There were 2,747 households, out of which 26.5% had children under the age of 18 living with them, 44.6% were married couples living together, 15.4% had a female householder with no husband present, and 36.4% were non-families. 32.9% of all households were made up of individuals, and 18.4% had someone living alone who was 65 years of age or older. The average household size was 2.31 and the average family size was 2.95.

In the city, the population dispersal was 23.6% under the age of 18, 8.5% from 18 to 24, 26.0% from 25 to 44, 20.3% from 45 to 64, and 21.5% who were 65 years of age or older. The median age was 39 years. For every 100 females, there were 86.3 males. For every 100 females age 18 and over, there were 79.0 males. The median income for a household in the city was $27,036, and the median income for a family was $33,125. Males had a median income of $29,074 versus $21,181 for females. The per capita income for the city was $14,190. About 13.0% of families and 17.1% of the population were below the poverty line, including 25.1% of those under age 18 and 13.9% of those age 65 or over.

==Education==
Chickasaw's public schools are within the Chickasaw City Schools district.
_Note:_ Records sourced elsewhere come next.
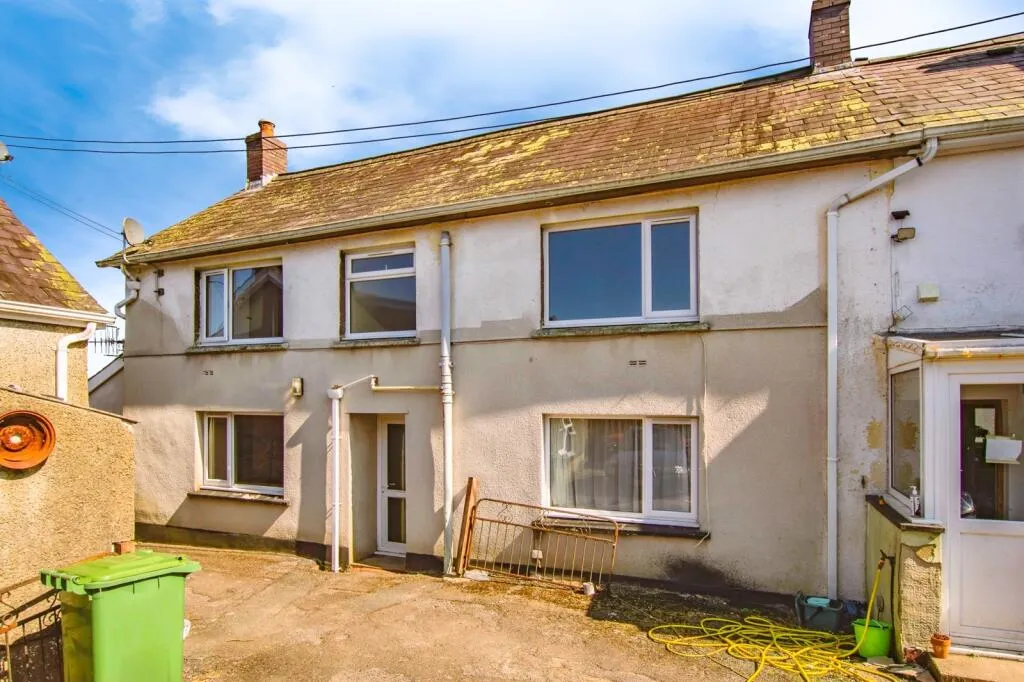 2 bed End of Terrace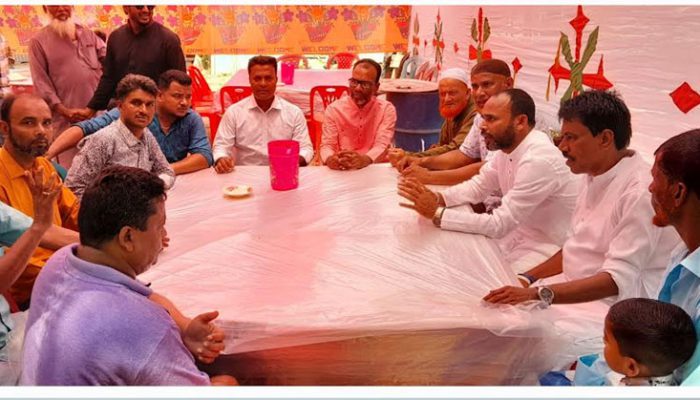 কুলখানিতে চেয়ারম্যান প্রার্থী অ্যাড. হুমায়ুন কবির সুমন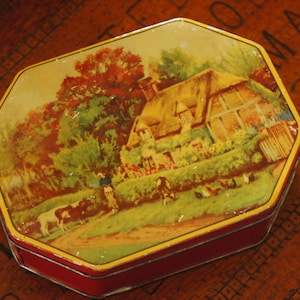 Vintage 40s-50s English Cottage Print Tin Box Made in England Shabby Chic Bohemian Chic Cottagecore Gift Home Decor
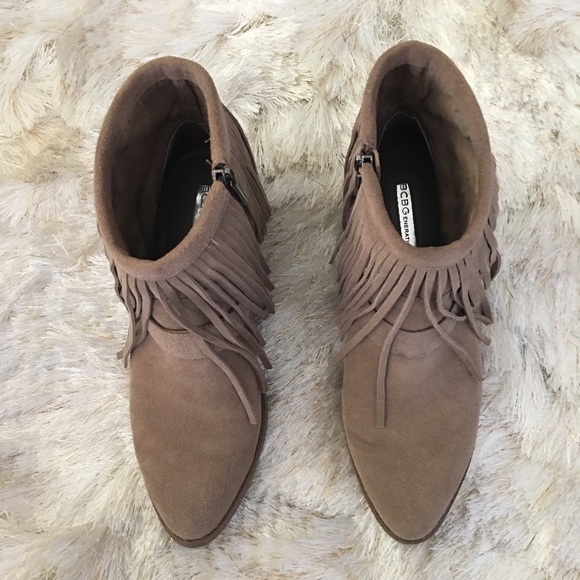 BCBGeneration Fringe Suede Cowboy Ankle Boots 7 - Picture 3 of 8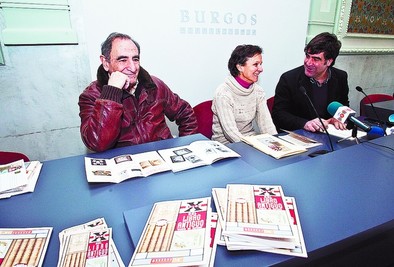 De i. a d., los libreros Luis Ceballos y Pilar Canales, con Fernando Gómez, concejal de Cultura. DB/Ángel Ayala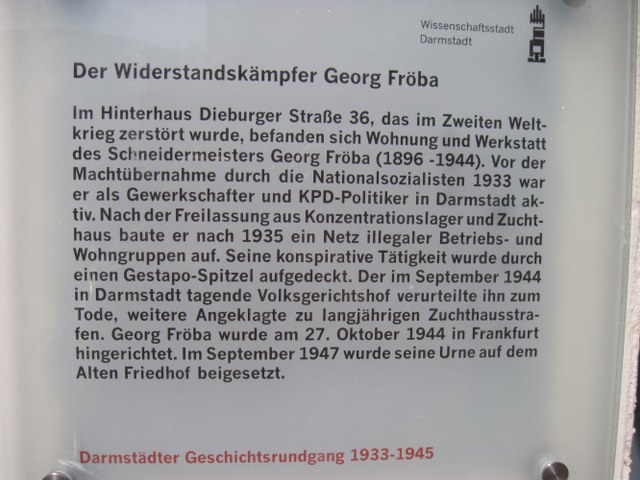 Tafel des Darmstädter Geschichtsrundganges in der Dieburger Straße (2013)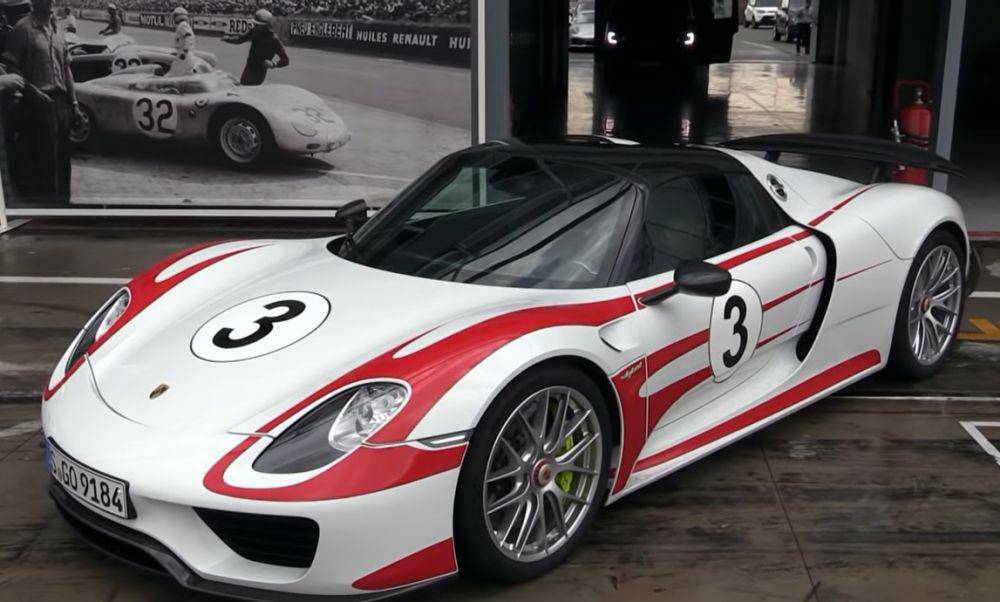 Porsche 918 Spyder (youtube.com/19Bozzy92)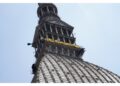 Attivisti appendono lo striscione 'Clima: agire ora'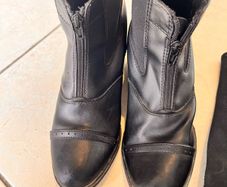 Kids riding ankle boots size 3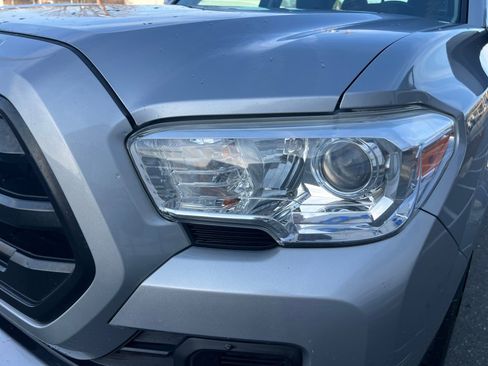 Used 2017 Toyota Tacoma SR image 29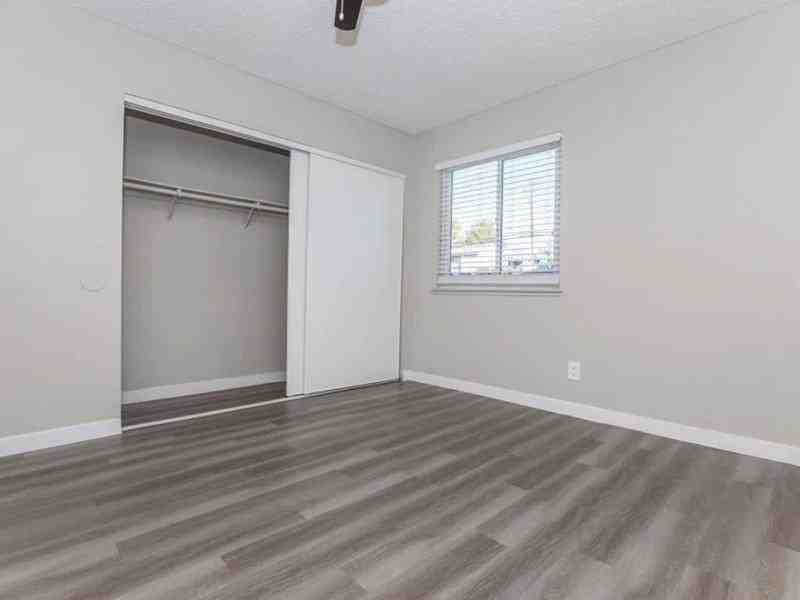 5507 W Cheyenne Ave - Photo 6 of 12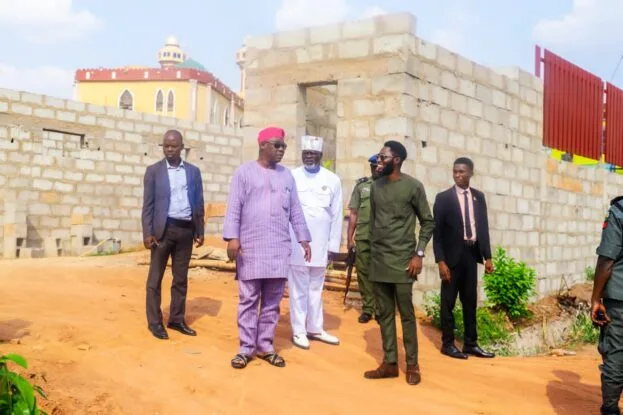 Oyo deputy gov inspects Bodija Estate Recreation Centre, two other Projects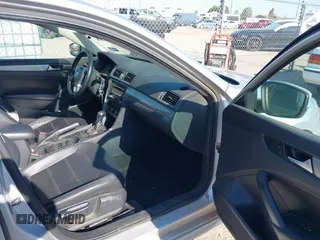 2014 Volkswagen Passat Wolfsburg Edition z VIN 1VWAS7A39EC068493, wystawiony jako IAAI lot #42225256 z przebiegiem 183 853 mil mil oraz . Historia ofert i sprzedaży dostępna na DreamBid. Obrazek 5.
The city voted in 2012 to form its own school system with Satsuma, Alabama, leaving that operated by Mobile County School Board.

===History of schools===
Chickasaw's public schools were previously operated by the Mobile County Public School System. Hamilton Elementary School was within the Chickasaw city limits and serves Chickasaw residents. In addition two magnet schools, the elementary Chickasaw School of Mathematics and Science and the Clark School of Mathematics, Science and Technology (high school), were in the city. Residents zoned to Hamilton are also zoned to Chastang Middle School.

Several years prior to 2009, officials of Chickasaw, Satsuma, and Saraland contemplated forming the "Delta School District." Around 2009 Chickasaw officials considered a plan to secede from the Mobile County school system, after Mobile County officials considered closing the Chickasaw magnets, which together have a combined total of 14% Chickasaw residents. The remainder of the students came from other locations, including the unincorporated area of Grand Bay. Mobile County considered moving the magnets to Shaw High School in western Mobile.

Chickasaw did separate from the Mobile County school system, effective in 2013, with the understanding that the elementary Chickasaw School of Mathematics and Science would be relocated from Chickasaw within four years. While it remained, the residents of Chickasaw were required to pay $2,200 per year per child in order to attend the school, as they were no longer part of the county system. In January 2013 the Mobile County school board decided to move the elementary Mathematics and Science school to the former Howard Elementary School near Downtown Mobile.

===Notable person===
- Ray Sawyer of the band Dr. Hook and the Medicine Show was born in Chickasaw in 1937.